In this study, we report the utilization a photoinitiation-crosslinked zwitterionic polymer, in particular, dextran with carboxybetaine modified by methacrylate (Dex-CB-MA), as an interfacial layer between the poly(3,4-ethylenedioxythiophene)-poly(styrenesulfonate) (PEDOT:PSS) hole extraction layer (HEL) and CH3NH3PbI3 photoactive layer. Systematically investigation indicates both the film morphology of CH3NH3PbI3 photoactive layer and the interfacial contact between the PEDOT:PSS HEL and CH3NH3PbI3 photoactive layer are tuned, resulting in the efficient charge transfer process, restricted surface charge carrier recombination. As a result, the PSCs with the PEDOT:PSS/Dex-CB-MA HEL exhibit a short-circuit current (JSC) of 19.90 mA cm−2, an open-circuit voltage (VOC) of 0.95 V, a fill factor (FF) of 74% and with a corresponding PCE of 13.81%, which is over 30% enhancement as compared with the PSCs with solely PEDOT:PSS HEL. Moreover, the PSCs with the PEDOT:PSS/Dex-CB-MA HEL exhibit dramatically enhanced stability.

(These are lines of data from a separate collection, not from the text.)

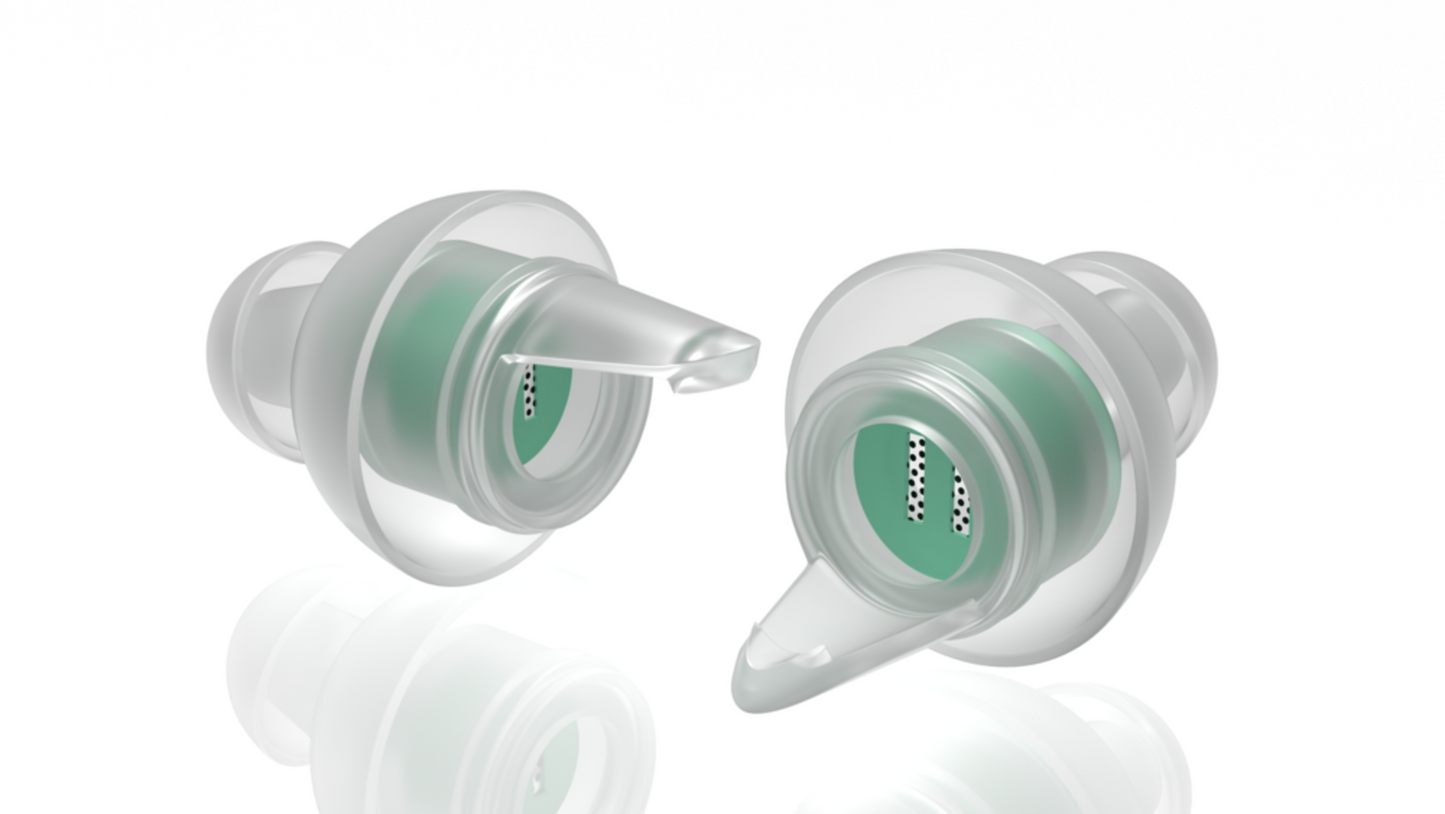 SUPEARIOR HIGH FIDELITY EARPLUGS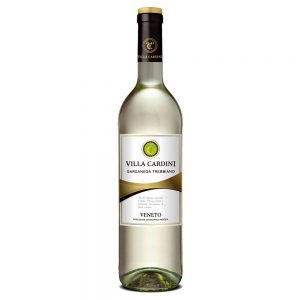 Villa Cardini Garganega Trebbiano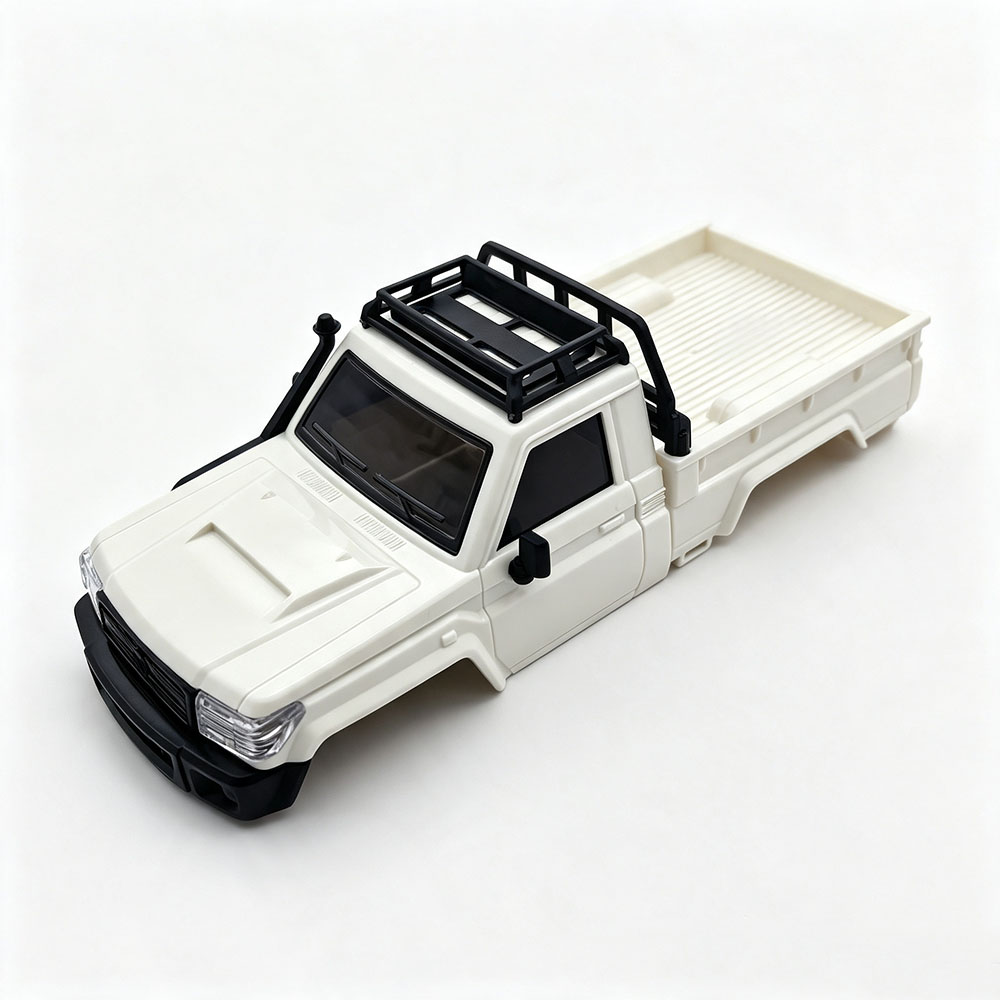1/30スケールのAX30 SCX30 RCロッククローラー - Rc Hobby Grade Truck のレビューと価格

Fig. 1 (a) The molecular structure of Dex-CB-MA, (b) the transmittance spectra of ITO/PEDOT:PSS and ITO/PEDOT:PSS/Dex-CB-MA thin films, (c) the cyclic voltammetry curve of Dex-CB-MA thin film. |
It was well-know that the highest occupied molecular orbit (HOMO) presents the energy required to extract an electron from a molecule, which is similar to an oxidation process, and the lowest unoccupied molecular orbit (LUMO) is the energy necessary to inject an electron to a molecule, which is a reduction process. Such processes, therefore, could be measured by cyclic voltammetry (CV) method from the oxidation and reduction potentials.32Fig. 1c presents the CV curve of Dex-CB-MA thin film. The oxidation and reduction potentials are estimated to be 1.8 V, and −1.5 V, respectively. Thus, the HOMO energy level and the LUMO energy level of Dex-CB-MA thin film are estimated to be −6.2 eV and −2.9 eV, respectively, according to the empirical equations E(HOMO) = −e[Eox(onset) + 4.4] and E(LUMO) = −e[Ered(onset) + 4.4].32
Fig. 2 presents the static contact angles of water on the surfaces of the PEDOT:PSS thin film and the PEDOT:PSS/Dex-CB-MA thin film, respectively. Compared with the contact angle (12.6°) observed from the PEDOT:PSS thin film, greatly enlarged contact angle (60.6°) observed from of the PEDOT:PSS/Dex-CB-MA thin film indicates that the Dex-CB-MA thin layer could decrease the surface tension of the PEDOT:PSS thin film, which is favorable for CH3NH3PbI3 to form large grain size with less grain boundaries,33 resulting in enhanced charge carrier mobility, consequently, boosted JSC from PSCs.34
Fig. 2 The contact angles of water on the thin films of (a) glass/PEDOT:PSS thin film and (b) glass/PEDOT:PSS/Dex-CB-MA thin film. |
Scheme 1a displays PSCs device structure of ITO/PEDOT:PSS/Dex-CB-MA/CH3NH3PbI3/PC61BM/Al, where PC61BM acts as the electron extraction layer and Al is aluminum, respectively. Scheme 1b presents the LUMO and HOMO energy levels of Dex-CB-MA, CH3NH3PbI3 and PC61BM, and the work functions of ITO, PEDOT:PSS and Al, respectively. It is clear that the LUMO energy level of Dex-CB-MA thin film is higher than that of CH3NH3PbI3 thin film, indicating that photo-generated electrons from CH3NH3PbI3 thin film can be efficiently blocked to contact with the ITO/PEDOT:PSS bilayer anode, suppressing surface charge carrier recombination. As a result, boosted JSC is expected to be observed from PSCs incorporated with the PEDOT:PSS/Dex-CB-MA HEL. However, the HOMO energy level of Dex-CB-MA thin film is much lower than the work function of PEDOT:PSS and the HOMO energy level of CH3NH3PbI3 thin film, so the thickness of the Dex-CB-MA layer should be tiny enough otherwise photo-generated holes from CH3NH3PbI3 thin film would be blocked and cannot be efficiently collected by the ITO/PEDOT:PSS bilayer anode. Towards the end, Dex-CB-MA with different thicknesses of 1 nm, 2 nm, and 5 nm, are investigated (Fig. S2 and Table S1 in ESI†).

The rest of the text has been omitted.